Chesterton avoids the mistake that almost every other critic wants to wallow in: focusing on Stevenson’s life as opposed to his writing. While his life is certainly almost irresistible material, it was ironically dismissed as being too romantic instead of admired for being too adventurous. The tubercular Stevenson may not have been a swashbuckling pirate, but he really did defy death, crossing two oceans and a continent, coughing up blood, chasing love and words. Perhaps some of his books are forgettable and forgotten, but some are immortal. Whether or not they are great literature, they are lasting literature. And the test of literature, says Chesterton, “is whether the words are well or ill chosen, not for the purpose of fitting our own taste in words, but for the purpose of satisfying everybody's sense of the realities of things.” Anyone who reads Stevenson knows at once that he passes the test. He captures not only our own experiences but our own dreams. And, according to Chesterton, he does something more: he testifies to a truth that he does not understand himself. This is what Chesterton wants to talk about, and so he resists the interesting person that Stevenson was and dwells on the even more interesting things that Stevenson wrote. Thus, he sets himself apart from other literary critics by penning literary criticism that is not biography or psychology but is actually about literature.

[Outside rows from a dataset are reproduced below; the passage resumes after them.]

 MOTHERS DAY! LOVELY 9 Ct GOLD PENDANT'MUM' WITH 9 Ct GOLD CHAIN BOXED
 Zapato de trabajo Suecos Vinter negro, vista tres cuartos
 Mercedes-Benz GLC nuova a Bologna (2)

Chesterton is able to appreciate those books of Stevenson that we have never read and probably never will read, and his appreciation is something we can still appreciate. The mark of great criticism is that it is edifying even if we haven’t read the work that the critic is considering. We even imagine that we might read those books someday. So what if we won’t. But when Chesterton deals with the books with which we are familiar, then the waves start crashing over the bow. The excursion turns into a real adventure. Chesterton comforts us with things we don’t know, but he shocks us with things we do know. For instance, we think we know Dr. Jekyll and Mr. Hyde. We don’t.

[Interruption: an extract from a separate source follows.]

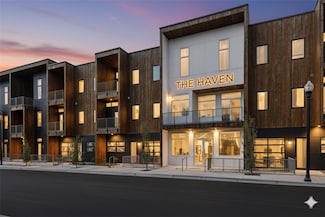 319 SE Market Aly Unit 200, Bentonville, AR 72712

For the reader who wishes that Chesterton had written a book about Edgar Allan Poe, the wish is fulfilled in this book about Stevenson. But a book is not needed. Chesterton sums up Poe in one paragraph.
In summing up Stevenson, Chesterton takes us back to the nursery, where our appreciation for stories begin. He concludes that The Child’s Garden of Verses is Stevenson’s most important work, coming “out of those depths of garden perspective and large rooms as seen by little children, white with the windows of the morning.” Here is where Stevenson really defies death. By writing about happiness, he defies the philosophy of pessimism that was taking over art and literature at the end of the 19th century and would lead to worse things in the 20th. It is good we should look back at a garden. That is where everything began.